[PATCH 11/14] page-replace-move-refill.patch

From: Peter Zijlstra
Date: Fri Dec 30 2005 - 17:46:02 EST



From: Peter Zijlstra <a.p.zijlstra@xxxxxxxxx>

Move refill_inactive_page() to the new mm/page_replace.c file. And
couple its invocation to the: page_replace_candidate() function.
Keep the scan-rate equal to nr_active/nr_inactive. Also make sure
we only scan in full multiples of swap_cluster_max.

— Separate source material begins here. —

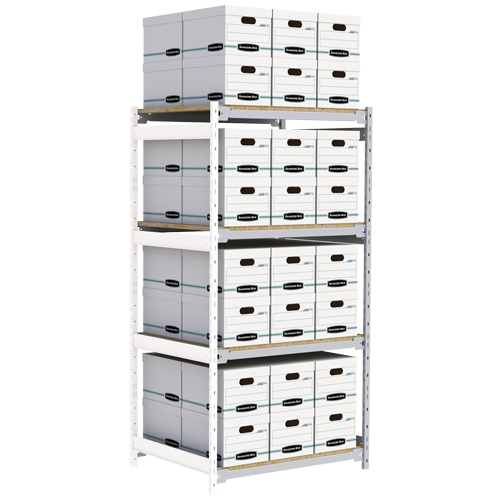 &eacute;tag&egrave;re-classeur de grande largeur, Acier, 4 Tablettes, 42" la x 32" p x 84" h, Ensemble Ajout Helyx Safety & Industrial Supplies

Kudos to Wu Fengguang for showing me the way to decouple the active
and inactive scans.

Signed-off-by: Peter Zijlstra <a.p.zijlstra@xxxxxxxxx>

include/linux/mm_page_replace.h | 2
include/linux/mmzone.h | 1
mm/page_alloc.c | 4
mm/page_replace.c | 180 ++++++++++++++++++++++++++++++++++++
mm/vmscan.c | 196 ++--------------------------------------
5 files changed, 189 insertions(+), 194 deletions(-)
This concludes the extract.